(Source information Opens)
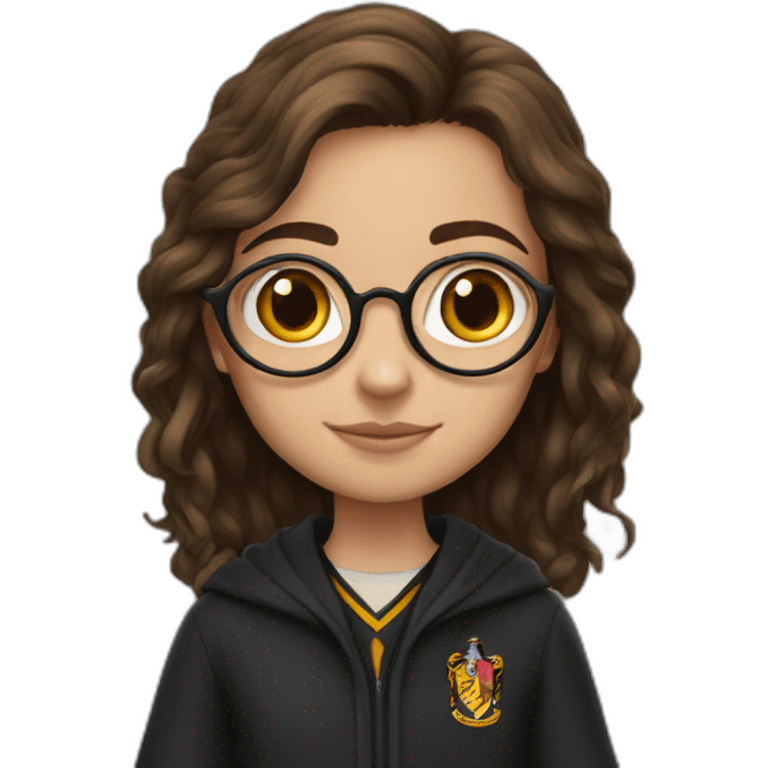 Girl harry potter emoji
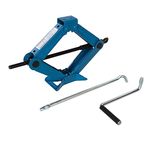 Silverline Scissor Jack 1 Tonne 1000kg (755985)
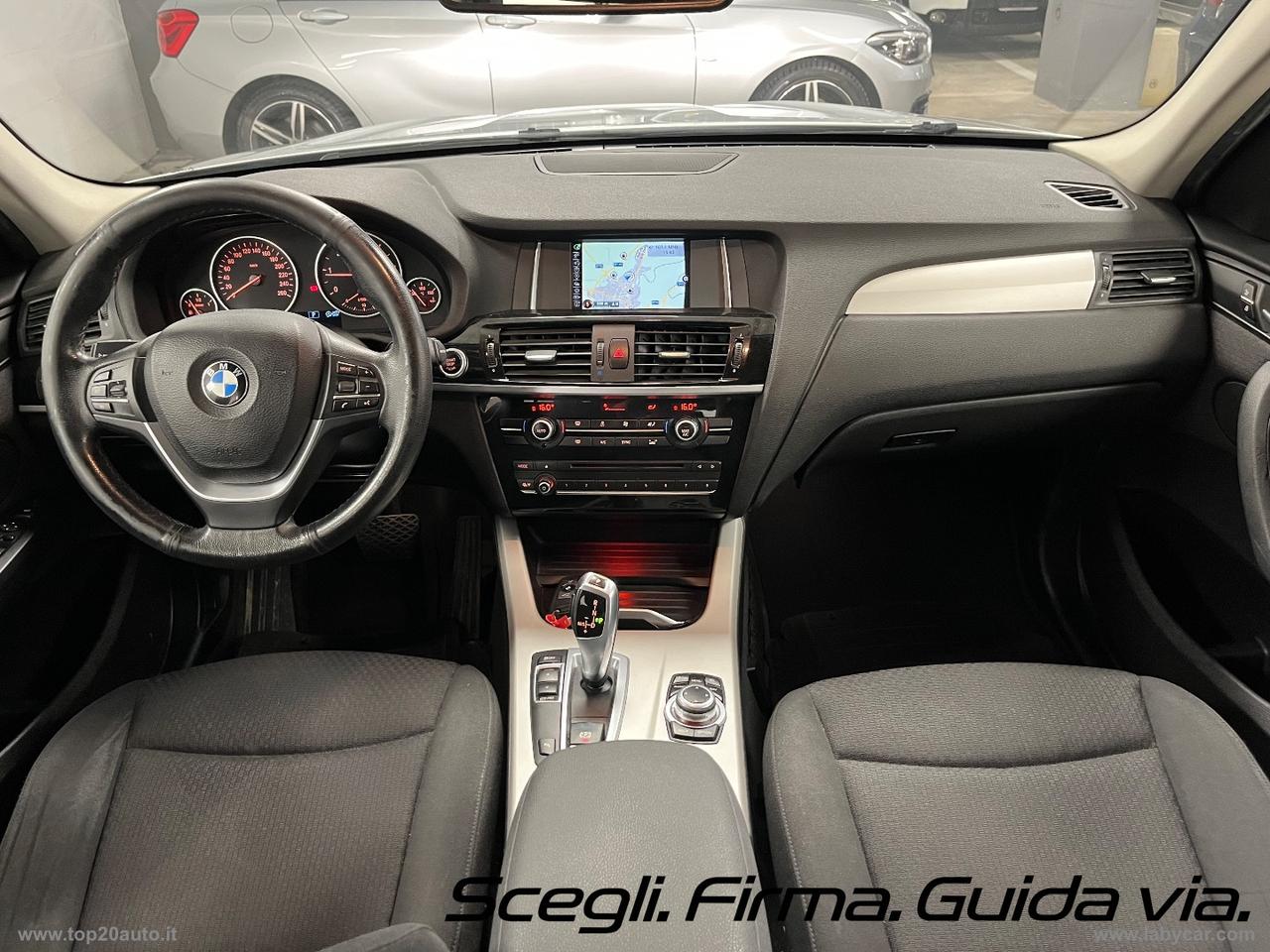 BMW X3 sDrive18d Aut. Advantage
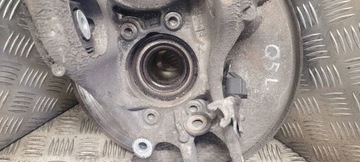 фото thumb №8, Audi q5 sq5 2011 зад сторона левая ступица колёса заднего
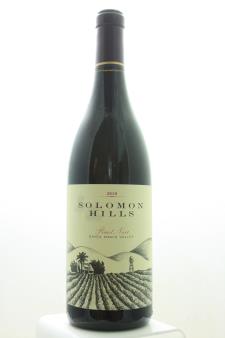 Solomon Hills Pinot Noir Santa Maria Valley 2010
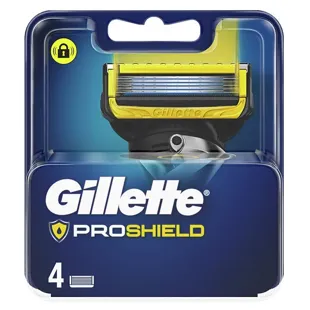 Gillette Fusion Proshield Refills 4 units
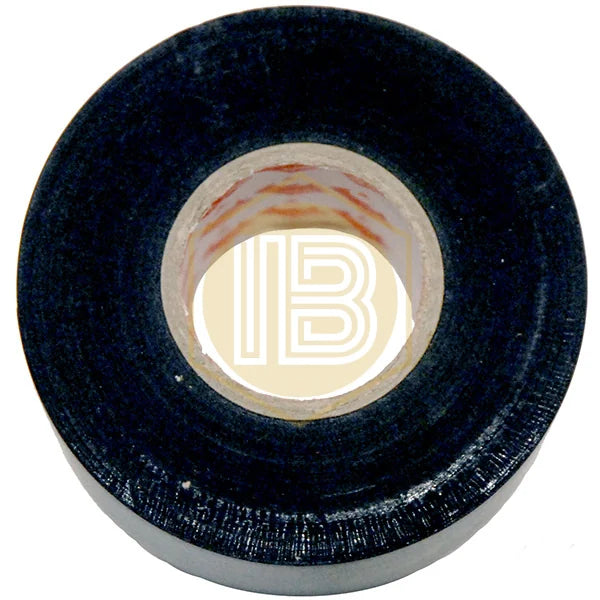 PVC insulating tape, front view of the black tape - Install Beer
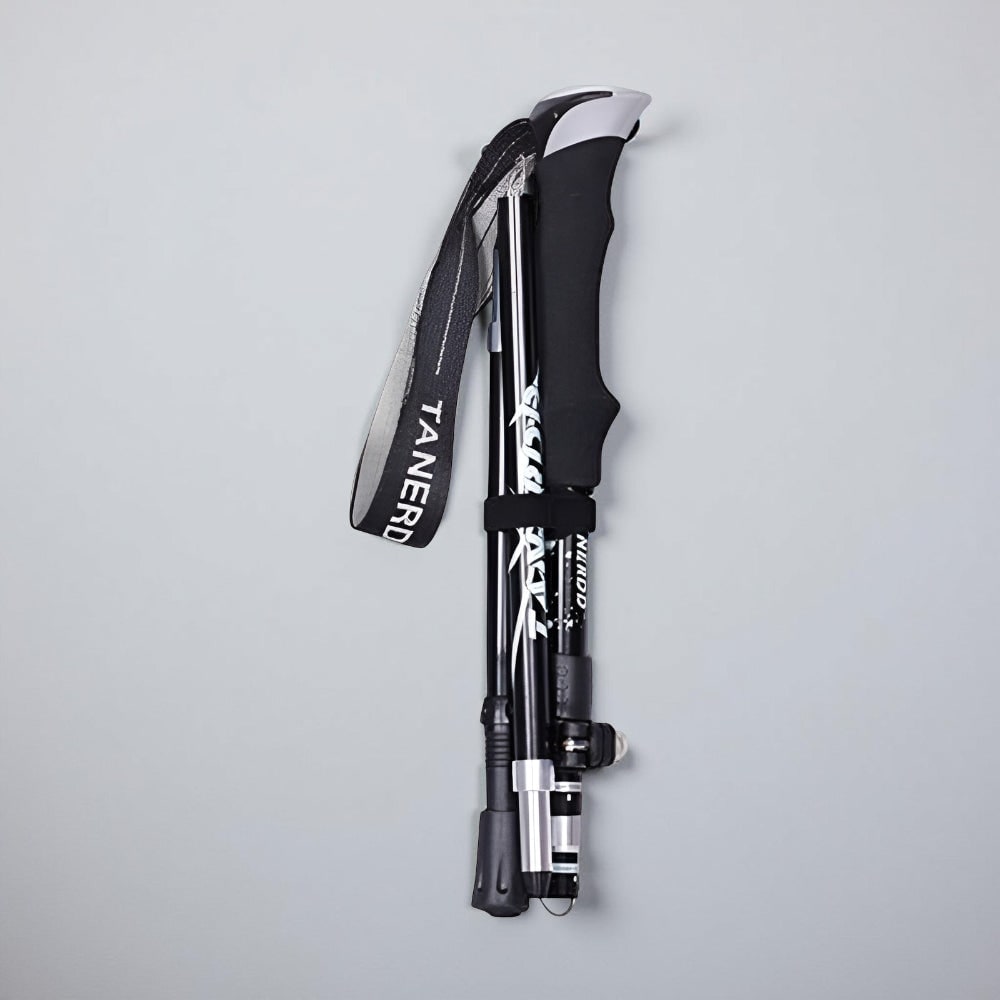 Folding Trekking Pole | Collapsible Joint Support | Outdoor Hiking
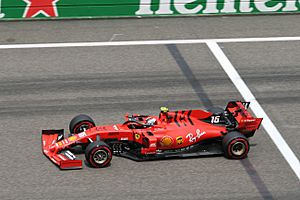 Charles Leclerc, 2019 Chinese GP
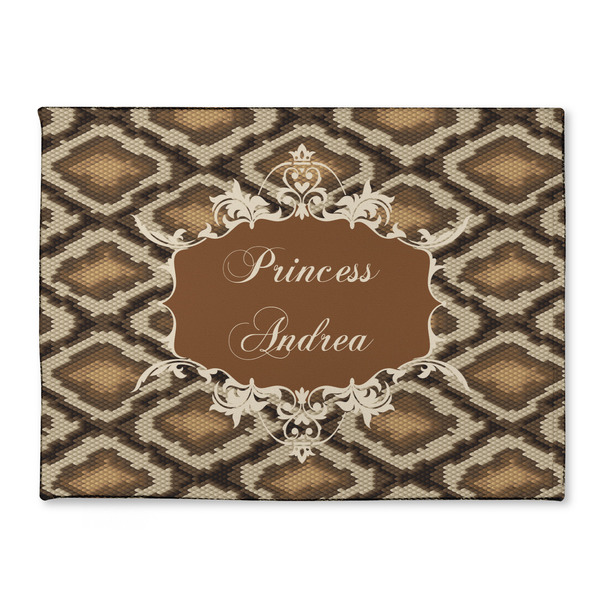 Custom Snake Skin Microfiber Screen Cleaner (Personalized)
(Source information Closes)
_What the task requires_
Begin with the line containing "Folding Trekking Pole" and end with the last line of the material above; return exactly those lines, both ends included, and omit all pictures.

_Problem solution_
 Folding Trekking Pole | Collapsible Joint Support | Outdoor Hiking
 Charles Leclerc, 2019 Chinese GP
 Custom Snake Skin Microfiber Screen Cleaner (Personalized)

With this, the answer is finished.